En el mundo del dato y el relato, vivimos inmersos entre un querer y un poder. Excepto los negacionistas conspicuos, los humanos nos aplicamos diferentes actitudes psicosociales para tener la conciencia tranquila con los relatos que se nos dictan y saber qué hemos de hacer para ser “buenos” ciudadanos.
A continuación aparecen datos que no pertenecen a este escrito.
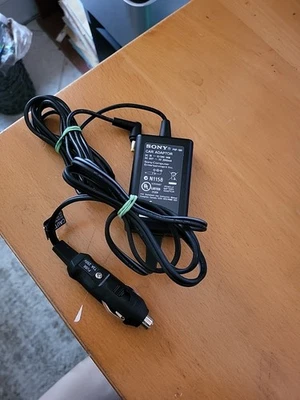 Adaptador Cargador Coche Sony PSP Adaptador PSP-180 Original OEM Foto 1 de 4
Todos tenemos un dato parcial para dormir tranquilos. Las estadísticas personales de ser ciudadanos solidarios y responsables. La tradición cultural judeocristiana de la mayoría de los europeos nos permite tener mecanismos de auto indulgencia. El rechazo de los packaging de plástico, reciclar la ropa antigua con amistades o familiares, placas fotovoltaicas, bicicletas y coches eléctricos (las orografías y distancias trabajo-domicilio a veces no ayudan), son pequeños ejemplos donde el dato y el relato se mezclan entre la indiferencia y la confusión. Queremos todos los beneficios, pero con los sacrificios que me vayan bien a mí. Con esta doble moral de estar haciendo alguna cosa positiva, nuestra conciencia individual permite que el relato pesimista avance. Retomemos la cultura del dato pedagógico. Expliquemos las realidades, con todas las implicaciones, no tratemos a los ciudadanos de rebaño de borregos. Las democracias fuertes requieren de ciudadanos libres, pero bien informados. Buenos datos y mejores relatos a todos los niveles, en especial a los grupos y sectores que construyen las agendas públicas.